TEMPO.CO, Jakarta - Kampanye Ring The Bell adalah perayaan sekaligus pemberitahuan bagi setiap pemangku kepentingan pendidikan di dunia. Kampanye ini ingin setiap orang meningkatkan kepedulian terhadap akses pendidikan khususnya bagi anak-anak difabel.
Baca: Surya Candra, Caleg Difabel Pembela Kaum Buruh
"Kami semua yang juga merasakan manfaatnya, betapa bahagianya dapat menempuh pendidikan dan bersekolah," ujar Bambang Basuki, praktisi pendidikan inklusif sekaligus Ketua Yayasan Rehabilitasi dan Habilitasi bagi tunanetra, Mitra Netra di Lebak Bulus, Jumat 15 Maret 2019. Pada kesempatan itu, berbagai alat musik dan peluit dibunyikan oleh puluhan tunanetra baik dewasa maupun anak-anak.
Bunyi-bunyian ini menjadi penanda dimulainya kampanye pendidikan terakses bagi setiap orang. "Kami mendukung pendidikan yang dapat diakses oleh siapapun, termasuk tunanetra. Sebab dengan pendidikan kami dapat memiliki ilmu sekaligus pengakuan terhadap kompetensi," ujar Bambang Basuki.
Ring The Bell adalah gerakan yang diinisiasi Lilianne Foundation di Belanda sejak 2012. Gerakan ini bertujuan menarik perhatian dunia mengenai pentingnya hak pendidikan bagi setiap anak di dunia. Dengan membunyikan berbagai alat selama 1 menit, gerakan tersebut bermaksud memberitahukan kepada publik masih ada anak-anak yang belum mendapat akses pendidikan, salah satunya anak-anak dari kelompok penyandang disabilitas.

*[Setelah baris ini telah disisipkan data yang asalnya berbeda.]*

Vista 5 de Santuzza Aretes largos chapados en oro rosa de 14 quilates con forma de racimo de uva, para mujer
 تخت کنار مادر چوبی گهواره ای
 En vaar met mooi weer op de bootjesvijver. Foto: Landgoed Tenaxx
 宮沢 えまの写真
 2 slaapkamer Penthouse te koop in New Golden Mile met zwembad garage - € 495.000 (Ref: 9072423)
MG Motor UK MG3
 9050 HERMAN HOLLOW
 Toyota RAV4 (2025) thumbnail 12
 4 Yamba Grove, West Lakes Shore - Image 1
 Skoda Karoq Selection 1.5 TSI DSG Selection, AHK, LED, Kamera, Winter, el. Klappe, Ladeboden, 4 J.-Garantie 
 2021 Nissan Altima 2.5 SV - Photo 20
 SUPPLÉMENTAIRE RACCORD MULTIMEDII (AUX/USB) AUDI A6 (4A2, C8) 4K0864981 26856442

Baca juga: Kondisi Difabel yang Bisa Melihat namun Tak Kenal Wajah Sendiri
Kampanye Ring The Bell sudah dilakukan di Indonesia sejak 2018. Salah satu kegiatan kampanye ini banyak dilakukan di sekolah-sekolah yang menyelenggarakan pendidikan inklusif. Berdasarkan data BPS tahun 2017, masih ada 18 persen anak Indonesia dengan disabilitas yang belum terakses pendidikan. Sebagian berasal dari keluarga tidak mampu, sebagian lain karena tidak mendapat informasi tentang pendidikan inklusif bagi anak difabel.